Input records START

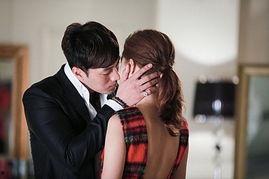 韩剧主君的太阳在线观看,跨越生死的浪漫邂逅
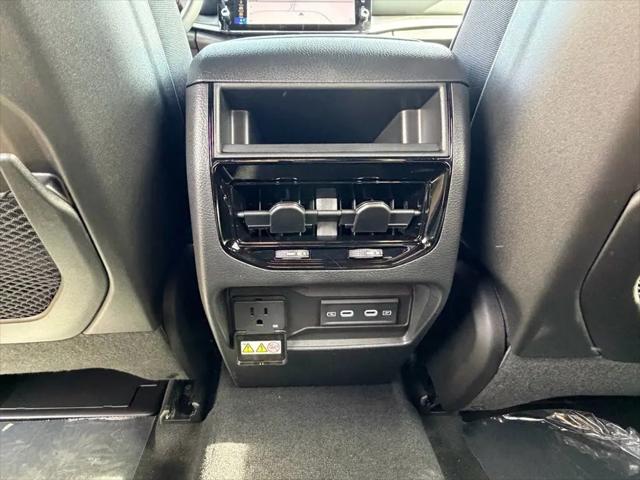 2026 Jeep Grand Cherokee Altitude 4x4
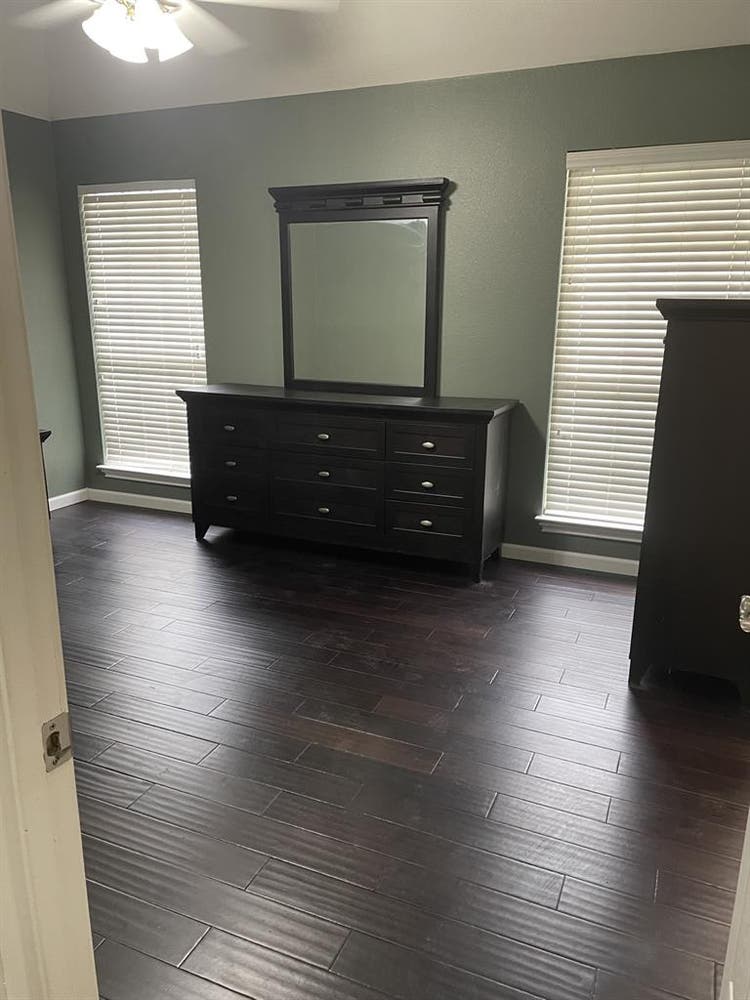 Master suite, all bills paid
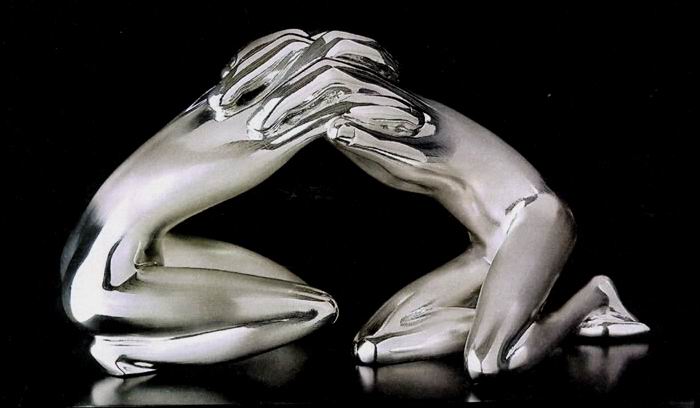 http://www.sprawl.it/blog/wp/wp-content/uploads/random/mani-corpi.jpg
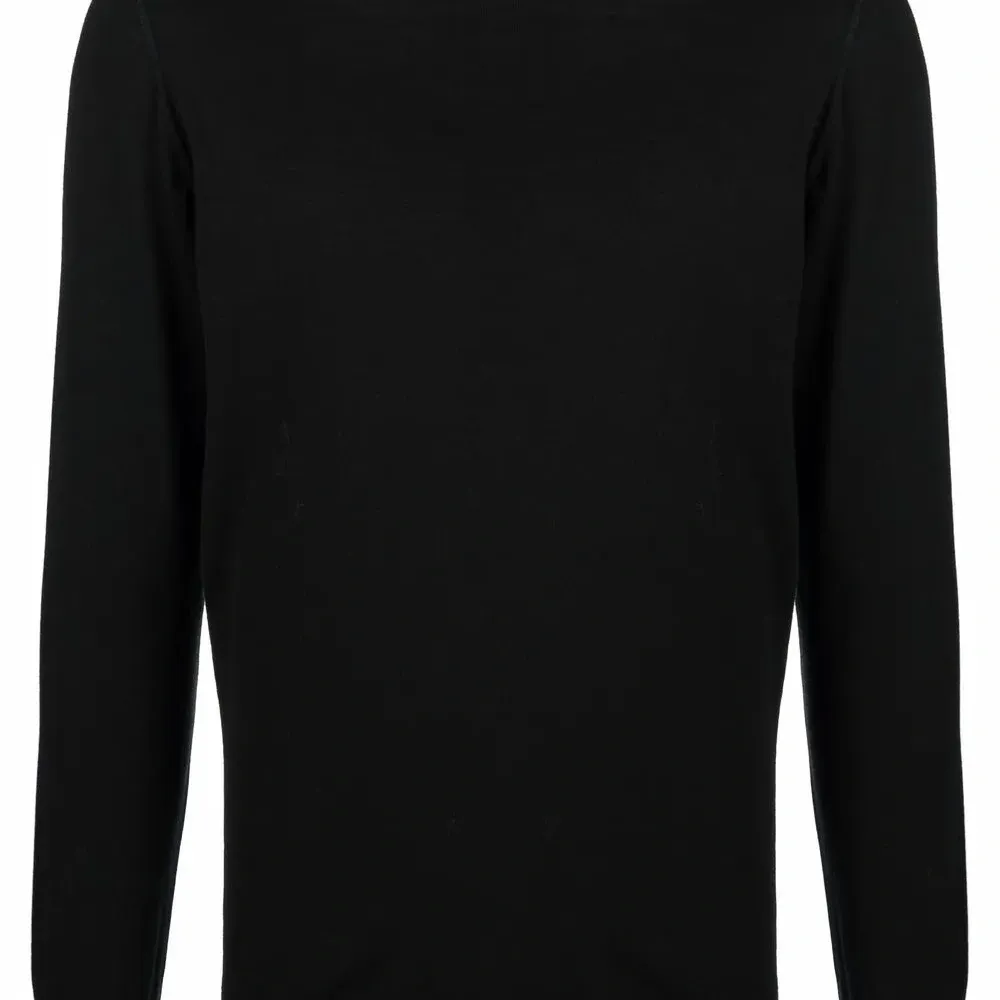 Джемпер с круглым вырезом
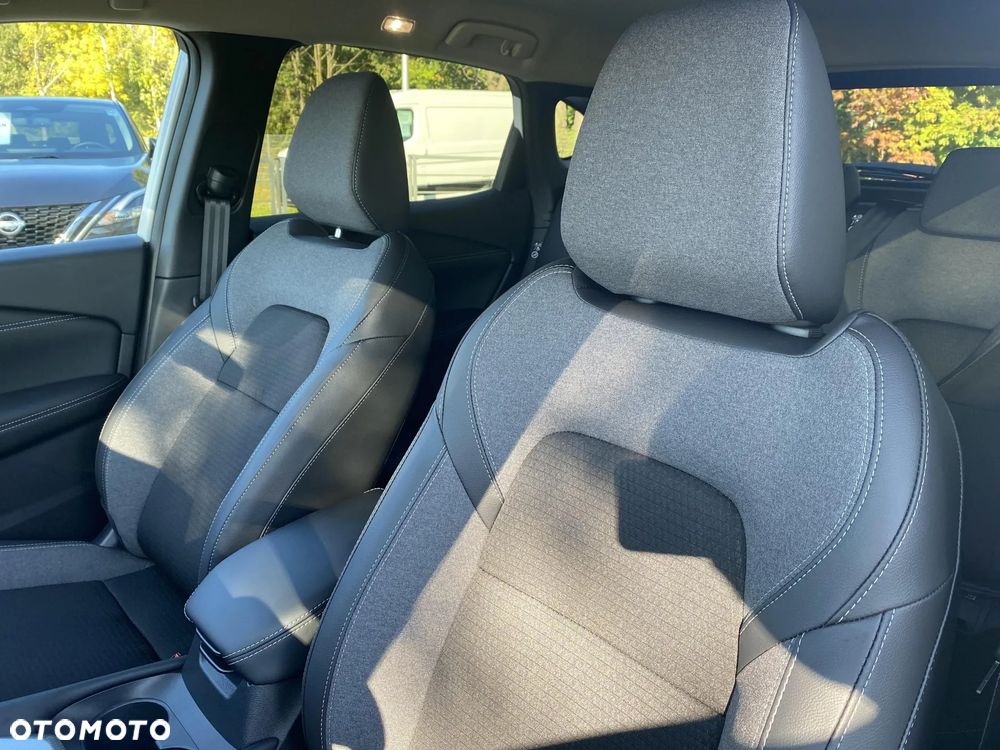 Nissan Qashqai 1.3 DIG-T mHEV N-Connecta - 11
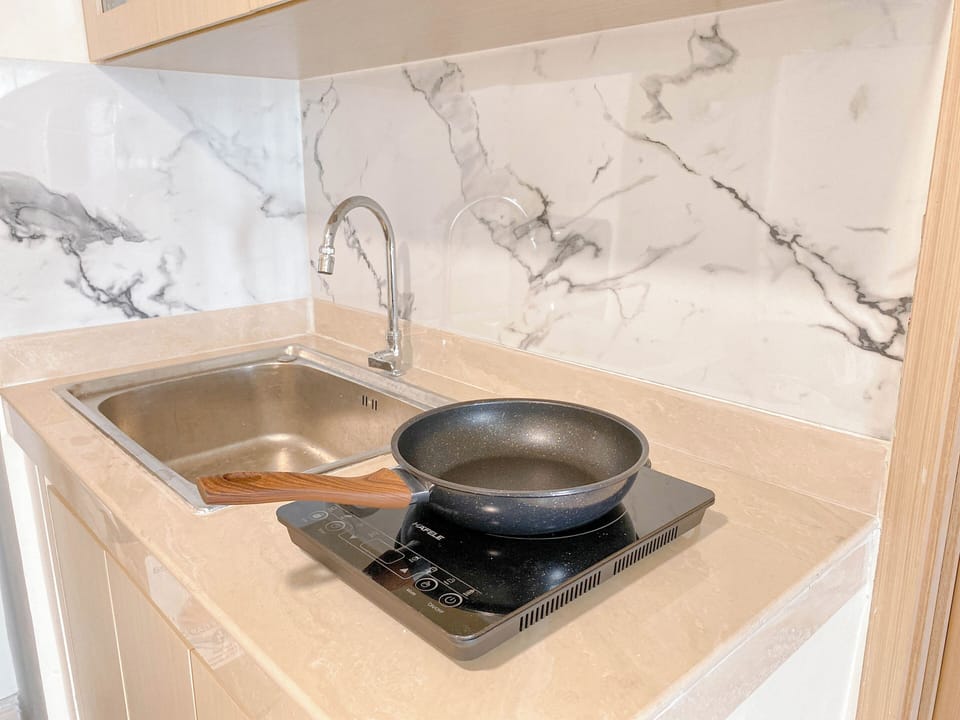 Standard Apartment | Private kitchen | Cookware/dishes/utensils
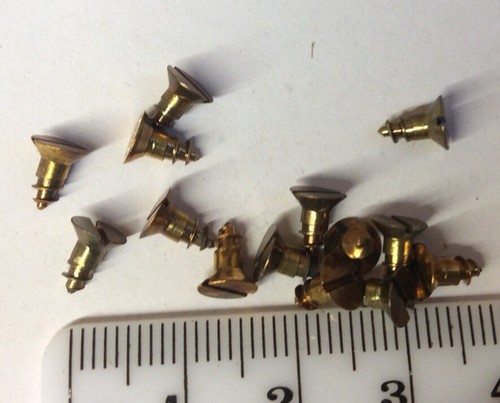 Brass c sunk tiny - 1/4”x, c/sunk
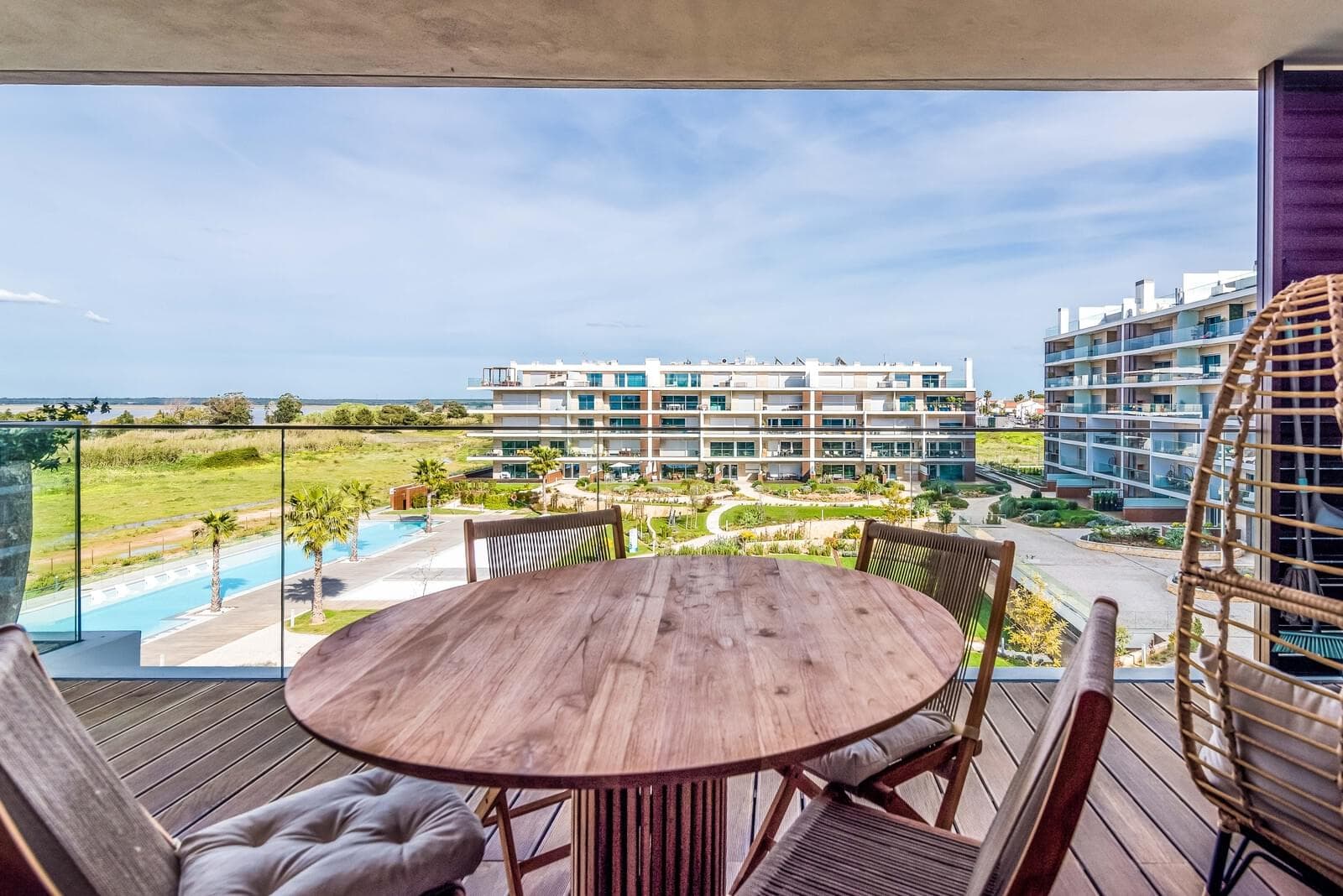 Duplex T4 com piscina, Alcochete - Imagem 18
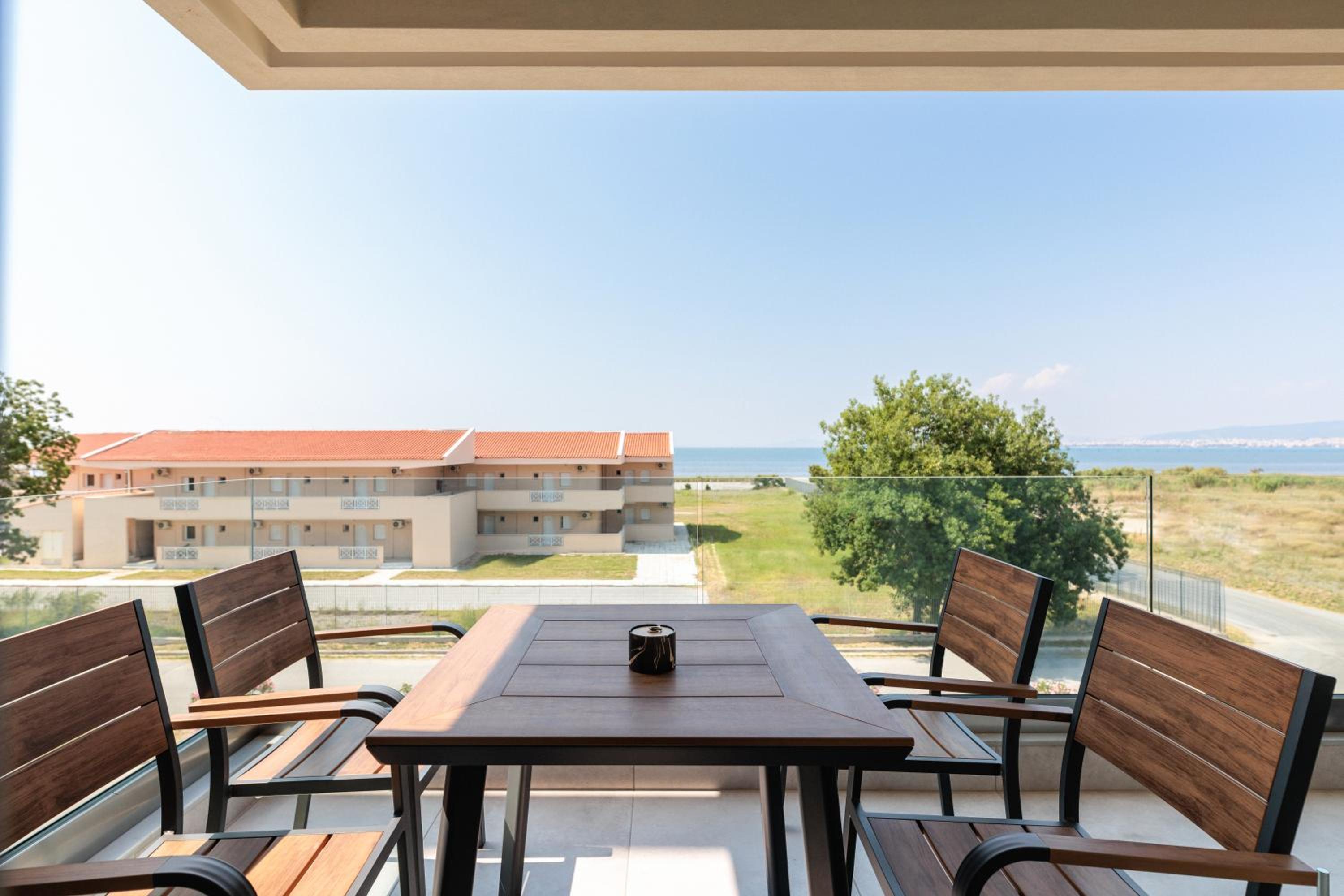 Deluxe Double Room with Balcony and Sea View photo 2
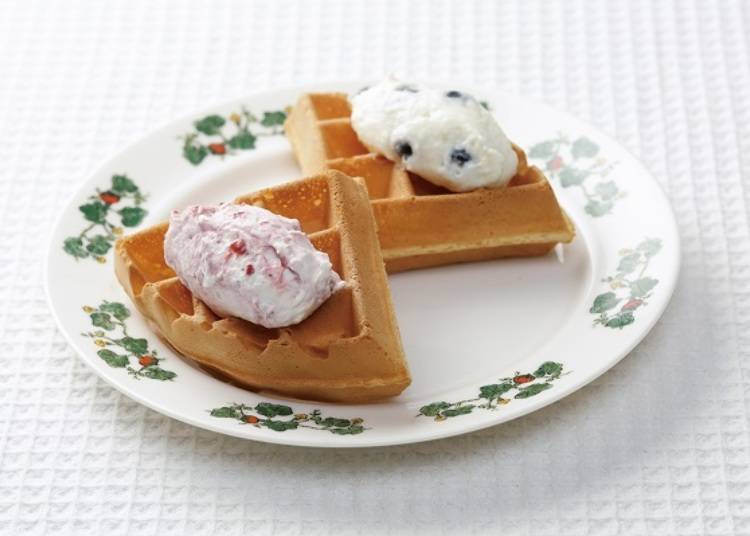 ▲外层酥脆、内层柔软的脆皮格子松饼，有草莓奶油、蓝莓酸奶两种口味。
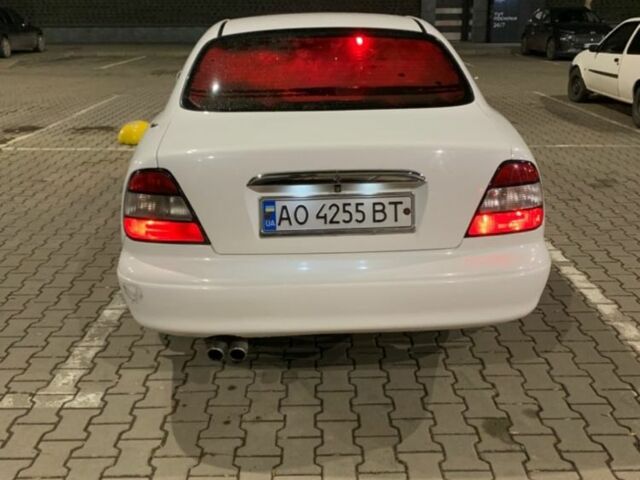 Белый Дэу Леганза, объемом двигателя 2 л и пробегом 410 тыс. км за 3200 $, фото 5 на Automoto.ua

Input records END

Reproduce exactly the lines above from the one with "Deluxe Double Room" through the last line of the data, keeping both ends and dropping the pictures.

• Written solution
 Deluxe Double Room with Balcony and Sea View photo 2
 ▲外层酥脆、内层柔软的脆皮格子松饼，有草莓奶油、蓝莓酸奶两种口味。
 Белый Дэу Леганза, объемом двигателя 2 л и пробегом 410 тыс. км за 3200 $, фото 5 на Automoto.ua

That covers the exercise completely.